Et sa prière achève mentalement : « Tu ne vas pas mourir, dis ? Je ne veux pas que tu meures. »

D’un sursaut d’énergie, elle est debout, réagissant déjà — car, il faut agir. Elle questionne d’une voix brève :

— Le médecin ?

La vieille Maria s’épanche en lamentations. Madame refuse de recevoir un médecin quelconque. Elle demande son docteur habituel.

— Mais le docteur Martin est mobilisé, maman…

Laurence n’insiste pas devant le regard obstiné de la malade, ce regard d’enfant têtu où l’intelligence s’éteint, atrophiée par la souffrance. À quoi bon raisonner ?

Elle dit simplement :

— C’est bon. Je vais le chercher.

Une sorte de fièvre s’empare de Laurence.
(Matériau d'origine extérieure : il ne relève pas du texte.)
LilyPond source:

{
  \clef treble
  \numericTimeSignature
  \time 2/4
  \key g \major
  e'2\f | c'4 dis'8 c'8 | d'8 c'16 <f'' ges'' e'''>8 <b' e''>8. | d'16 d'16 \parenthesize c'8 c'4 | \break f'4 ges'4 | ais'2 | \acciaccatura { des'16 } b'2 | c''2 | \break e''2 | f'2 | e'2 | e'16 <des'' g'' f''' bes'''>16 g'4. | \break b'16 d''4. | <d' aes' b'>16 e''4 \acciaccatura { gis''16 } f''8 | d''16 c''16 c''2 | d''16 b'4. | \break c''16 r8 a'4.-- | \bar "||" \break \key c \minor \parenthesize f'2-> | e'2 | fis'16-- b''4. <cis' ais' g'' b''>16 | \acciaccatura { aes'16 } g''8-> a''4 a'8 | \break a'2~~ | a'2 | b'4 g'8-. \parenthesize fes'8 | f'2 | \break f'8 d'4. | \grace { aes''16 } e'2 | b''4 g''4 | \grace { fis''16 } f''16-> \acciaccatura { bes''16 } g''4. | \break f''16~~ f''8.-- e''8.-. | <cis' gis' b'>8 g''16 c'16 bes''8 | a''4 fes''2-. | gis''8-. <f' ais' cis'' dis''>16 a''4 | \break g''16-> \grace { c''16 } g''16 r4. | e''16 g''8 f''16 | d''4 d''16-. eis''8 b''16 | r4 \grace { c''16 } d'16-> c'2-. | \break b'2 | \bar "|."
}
Elle hésite, entre le désir de demeurer auprès de sa malade et le besoin d’aller n’importe où, de courir, de tenter les plus folles entreprises, d’échapper par l’action à ce sentiment d’irréparable qui l’étreint en face de ce lit !
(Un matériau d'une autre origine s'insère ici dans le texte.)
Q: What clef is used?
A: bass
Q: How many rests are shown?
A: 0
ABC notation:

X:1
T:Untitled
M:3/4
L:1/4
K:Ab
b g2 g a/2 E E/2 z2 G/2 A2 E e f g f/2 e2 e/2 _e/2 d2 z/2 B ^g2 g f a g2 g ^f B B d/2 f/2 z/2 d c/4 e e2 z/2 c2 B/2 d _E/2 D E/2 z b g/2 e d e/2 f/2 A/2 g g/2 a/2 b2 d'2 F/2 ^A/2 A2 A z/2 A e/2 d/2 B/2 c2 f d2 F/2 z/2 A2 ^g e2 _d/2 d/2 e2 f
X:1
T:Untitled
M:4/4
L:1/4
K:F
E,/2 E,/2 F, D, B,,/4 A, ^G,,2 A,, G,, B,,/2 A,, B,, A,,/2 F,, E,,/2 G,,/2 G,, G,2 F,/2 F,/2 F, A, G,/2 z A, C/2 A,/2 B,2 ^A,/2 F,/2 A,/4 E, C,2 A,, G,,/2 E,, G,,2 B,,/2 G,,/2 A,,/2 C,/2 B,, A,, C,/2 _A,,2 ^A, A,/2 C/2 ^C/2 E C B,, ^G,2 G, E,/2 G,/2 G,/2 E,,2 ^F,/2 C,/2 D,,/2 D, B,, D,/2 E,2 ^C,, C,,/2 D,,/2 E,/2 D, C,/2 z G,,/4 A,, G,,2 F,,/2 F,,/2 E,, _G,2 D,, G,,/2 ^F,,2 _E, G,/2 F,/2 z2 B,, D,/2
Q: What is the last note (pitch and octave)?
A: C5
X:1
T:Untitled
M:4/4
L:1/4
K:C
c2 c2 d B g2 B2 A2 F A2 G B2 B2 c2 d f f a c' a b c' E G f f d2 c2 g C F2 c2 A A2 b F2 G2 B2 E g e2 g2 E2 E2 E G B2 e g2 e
Elle redescend avec une sorte de résolution farouche. Ses pas la conduisent au domicile du docteur Martin. Elle questionne le concierge pour connaître la destination actuelle du médecin. Elle apprend qu’il dirige une ambulance militaire au Perray. Le Perray ?… Seine-et-Oise… Elle écoute à peine le concierge qui lui indique des heures de train et parle de la gare Saint-Lazare. Sa fébrilité la pousse vers la première station d’autos.